The method of the present invention can be better understood from FIG. 1. Substrates 5, 6, and 7 to be coated, are caused to rotate constantly during the entire vapor deposition process on a turntable 1, with or without heating, and passed beneath two cathodes 3 and 4. Cathode 3 is equipped with a quantity of, for example, TiC; the other cathode 4 equipped with a quantity of, for example, TiB2. By changing the rate of rotation of the turntable and the sputter energy, the composition and microstructure of the deposited plurality of layers can be influenced directly. Preferably, conditions are selected at which the phase proportions (molar ratios) of TiC and TiB2 are similar to one another and the resulting total thickness of the coating is from 3 to 5 μ. Depending on the intended purpose, the calculated thickness of each individual layer lies between 0.5 and 40 nm. When the thickness of the individual layers is 0.5 nm, the number of layers preferably ranges from 100 to 20,000.
When one cathode is used, the substrates to be coated need not be rotated, but may optionally be moved past the cathode. The single cathode is equipped with quantities of at least two crystalline hard substances, for example TiC and TiB2. Then, a superfinely dispersed mixture of particles is simultaneously deposited as a single layer on the substrates, the particle sizes ranging from 0.5 to 40 nm. For coatings having particle sizes which are smaller than the stated range, x-ray analysis has shown that the individual phases can no longer be separated. Rather, an amorphous, mixed coating is observed by x-ray analysis which is so stable that even the introduction of heat up to 1200° C. does not cause recrystallization.
If a micrograph is made of a break in the surface of a so-called simultaneous coating composed of, for example, TiB2 and TiC, the structure of the coating is uniform and without columnar crystals or inhomogeneities. Its good adhesion can be seen from the micrograph. This good adhesion is also documented by a comparison of the results obtained with the aid of a scratch test. This relative adhesion test proves impressively the reduction of tension in the finely dispersed TiC and TiB2 coating compared to single layers of TiC and TiB2 taken alone.
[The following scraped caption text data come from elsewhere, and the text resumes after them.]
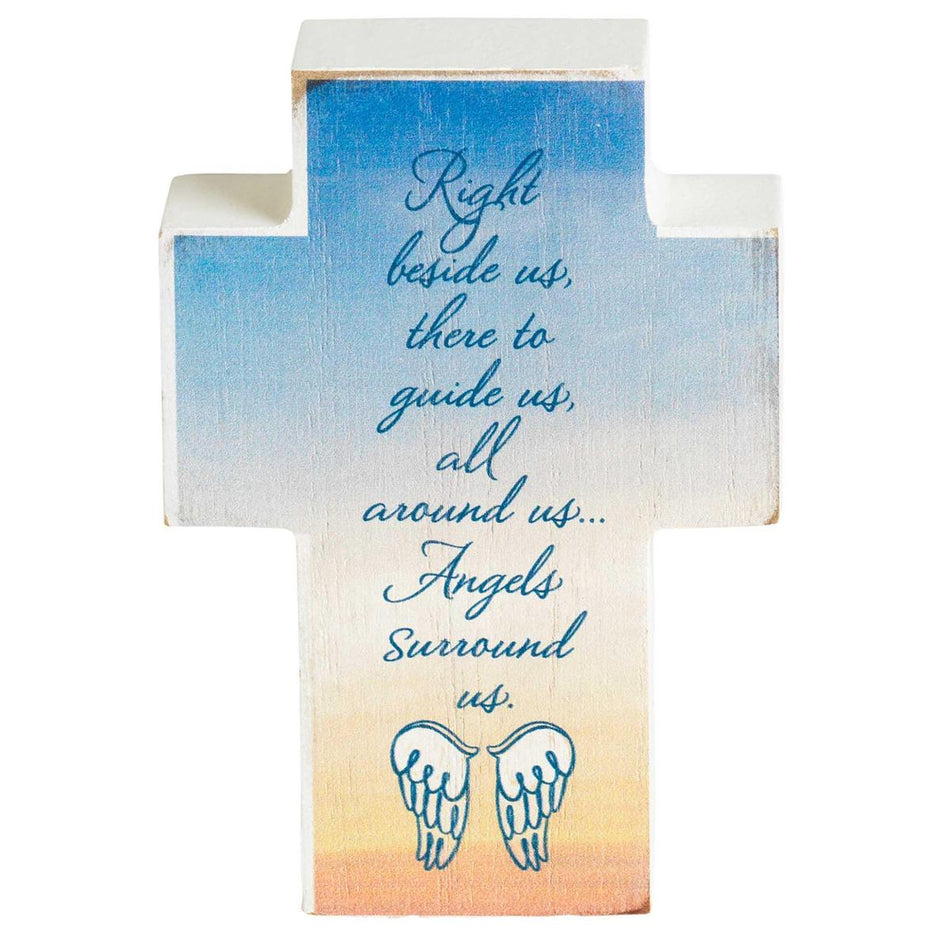Right Beside Us Guide Angels Blue 4 inch MDF Table Top Cross by Dicksons, product view 2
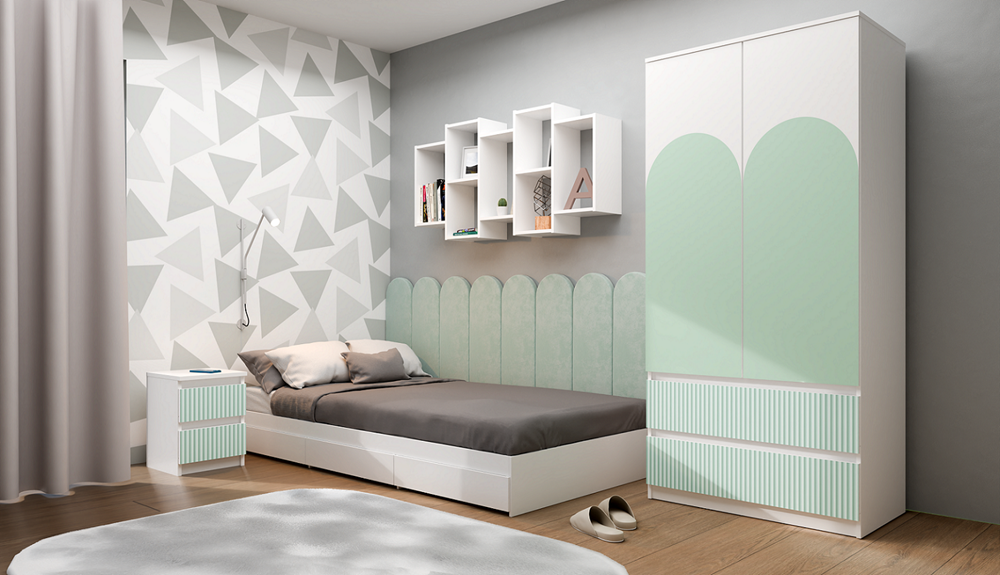 Nachttisch Malwa M2 ARTESO MINT / Mintgrün – Produktabbildung 4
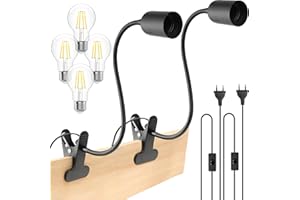 BILIPLE E27 Lampenfassung mit Clip, 2 Stück E27 Klemmleuchte + 4 Stück A60 4W LED Birne Warmweiß 2700K, Klemmlampe mit Schalter und Stecker, 360° Verstellbarer Schwanenhals für Bettlampe, Leselampe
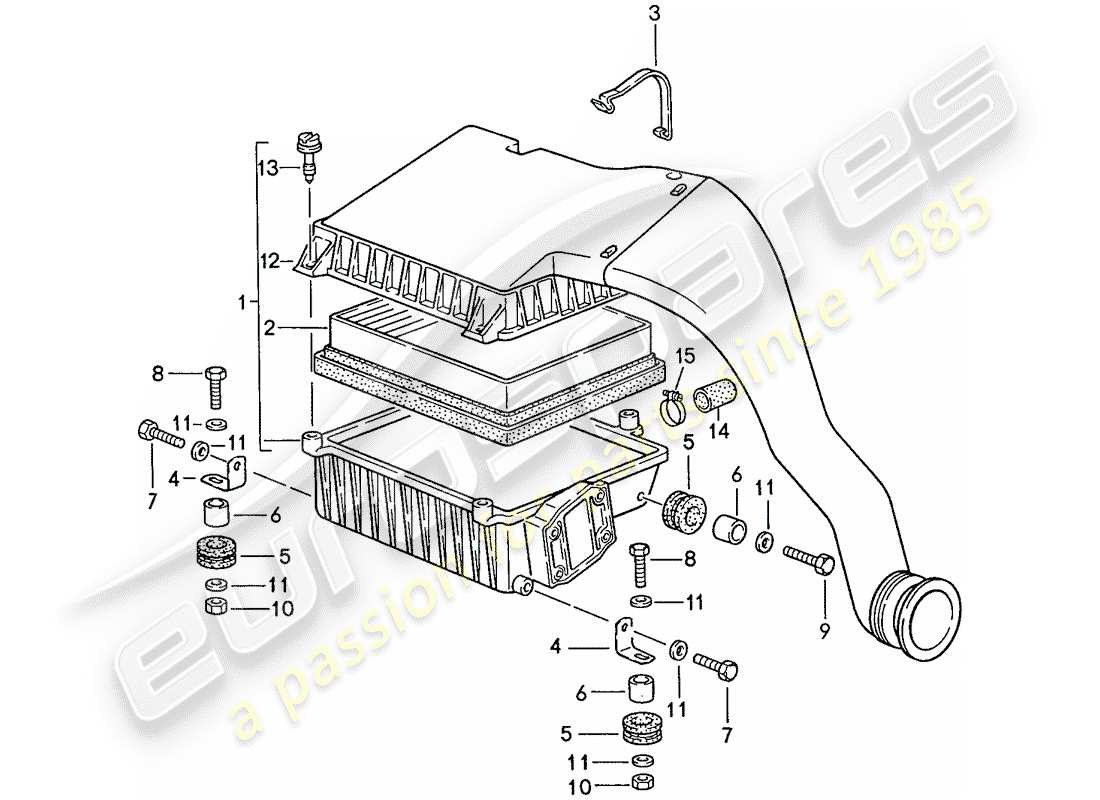porsche 1990 (944) système de filtre à air schéma des pièces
Hardness impressions in a TiC coating on the one hand and a superfinely dispersed TiC and TiB2 coating on the other hand evidence the improved toughness of coatings according to the present invention. Further, due to the observable adaptability of this relatively tough coating, substances having very different coefficients of expansion can be selected as substrates.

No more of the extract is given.